As discussed previously, and I know you all read this blog with avid interest and forget nothing, I really like doing the Narcotics Anonymous meeting at the local “lock-down” inpatients mental health ward at Wellington Hospital. It is not for me. It is not for N.A.
It is for the people in the ward.
The patients benefit. Directly.
They meet me, and others, and relate to our stories. I’ve become quite good at being able to judge certain bits of my story to suit the level of problems and understanding of the people sitting in the meeting. Usually I have fifteen minutes or more of chit chat. Even with my ADHD, the key points of what makes people tick are remembered in my somewhat confused short term memory.

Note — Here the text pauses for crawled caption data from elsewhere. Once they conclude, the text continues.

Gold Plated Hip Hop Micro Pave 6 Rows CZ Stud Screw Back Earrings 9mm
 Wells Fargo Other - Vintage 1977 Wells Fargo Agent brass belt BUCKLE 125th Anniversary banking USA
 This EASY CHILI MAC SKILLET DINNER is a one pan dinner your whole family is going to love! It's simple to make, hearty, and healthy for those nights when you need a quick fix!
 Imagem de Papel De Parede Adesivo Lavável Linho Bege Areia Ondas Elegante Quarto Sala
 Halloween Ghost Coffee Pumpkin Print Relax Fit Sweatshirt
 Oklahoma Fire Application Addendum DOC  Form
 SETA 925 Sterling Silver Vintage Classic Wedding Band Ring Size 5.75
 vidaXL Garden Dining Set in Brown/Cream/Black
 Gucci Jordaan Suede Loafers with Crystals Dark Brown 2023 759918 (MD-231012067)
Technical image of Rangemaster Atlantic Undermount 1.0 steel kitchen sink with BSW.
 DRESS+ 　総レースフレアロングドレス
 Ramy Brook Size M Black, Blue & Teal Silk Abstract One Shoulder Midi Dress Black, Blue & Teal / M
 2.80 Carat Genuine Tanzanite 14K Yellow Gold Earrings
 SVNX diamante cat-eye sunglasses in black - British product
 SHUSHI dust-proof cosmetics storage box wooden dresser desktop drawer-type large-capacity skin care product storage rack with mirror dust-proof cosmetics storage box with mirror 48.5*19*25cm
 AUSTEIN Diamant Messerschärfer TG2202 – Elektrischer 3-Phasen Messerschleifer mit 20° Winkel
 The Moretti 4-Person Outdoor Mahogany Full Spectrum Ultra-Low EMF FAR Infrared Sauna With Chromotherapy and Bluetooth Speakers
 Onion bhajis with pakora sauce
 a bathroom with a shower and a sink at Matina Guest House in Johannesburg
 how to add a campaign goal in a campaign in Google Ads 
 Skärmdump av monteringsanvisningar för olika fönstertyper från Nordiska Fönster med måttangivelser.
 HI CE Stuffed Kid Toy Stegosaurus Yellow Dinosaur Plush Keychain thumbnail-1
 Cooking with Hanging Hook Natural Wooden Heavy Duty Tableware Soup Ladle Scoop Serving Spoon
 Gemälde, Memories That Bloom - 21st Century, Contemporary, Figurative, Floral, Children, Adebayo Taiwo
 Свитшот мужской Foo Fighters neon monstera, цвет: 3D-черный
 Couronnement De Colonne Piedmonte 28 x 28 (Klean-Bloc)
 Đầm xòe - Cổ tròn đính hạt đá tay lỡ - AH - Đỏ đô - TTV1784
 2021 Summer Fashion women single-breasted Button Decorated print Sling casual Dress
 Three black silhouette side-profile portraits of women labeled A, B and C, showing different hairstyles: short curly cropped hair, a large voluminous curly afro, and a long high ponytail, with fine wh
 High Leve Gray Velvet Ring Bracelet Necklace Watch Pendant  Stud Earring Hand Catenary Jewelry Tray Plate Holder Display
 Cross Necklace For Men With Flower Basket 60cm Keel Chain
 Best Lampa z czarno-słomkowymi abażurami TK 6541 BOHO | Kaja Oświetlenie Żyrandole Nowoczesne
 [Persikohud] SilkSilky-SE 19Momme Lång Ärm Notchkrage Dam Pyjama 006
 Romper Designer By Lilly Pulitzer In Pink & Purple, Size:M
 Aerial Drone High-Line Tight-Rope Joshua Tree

I guarantee them that ANONYMOUS is a true thing and that what is said in the room, stays in the room. This is easy for me. As I truly forget peoples names and faces so quickly that many think it rudeness personified when their happy greetings are not returned in the street a month later. “HEY NZFIEND” is shouted, said, waved. And me…? I say “Hello” like they are my best friend. But don’t honestly remember much. This is good in most instances. New Zealand is small. And meeting people in the meeting whom are fathers, lovers or otherwise associated with people whom live in the same block as me… Or ex gang patch members whom once had fights with me over pissing in the gang pads hallway after sitting in the presidents seat…. Well. It is good not to acknowledge nor give time to this side of my life when dealing with these people outside the meeting. Inside the meeting it is all me relating and sharing my own problems so they can see that N.A meetings are full of people that appear different at first, but are the same in the end… This gets rid of some blocks to their involvement in recovery processes and even brings some of them to meetings once back in the public domain.
But, NZFIEND. This post is boring. Even for you. WHERE IS THE DRAMA?
The drama is that, although the meetings do good for the people in the ward, and ultimately spread the message of N.A, some old timers of N.A say that the meetings are not following the N.A structured format and that the N.A message is not carried strongly enough.
I say that MsT and myself have put a lot of effort into making this format more suitable to the level of concentration and the particular needs of the inpatients. I say that we have done well. I say the meeting structure works better than a rigid N.A one. Most of the time anyway.
Peoples attention spans vary. You have to be fluid.
If half the room erupts with applause when you say “GOD” and the other half starts reciting passages from the bible with deadly accuracy (but somewhat confusing logic) that “prove” GOD is Satan, GOD is crap, or GOD wants to KILL US ALL…….. Well… I spent a long night or two re-writing some literature as to avoid “GOD” a little. Honestly, it has saved a lot of pointless and repetitive discussion about something that requires more than thirty seconds attention span.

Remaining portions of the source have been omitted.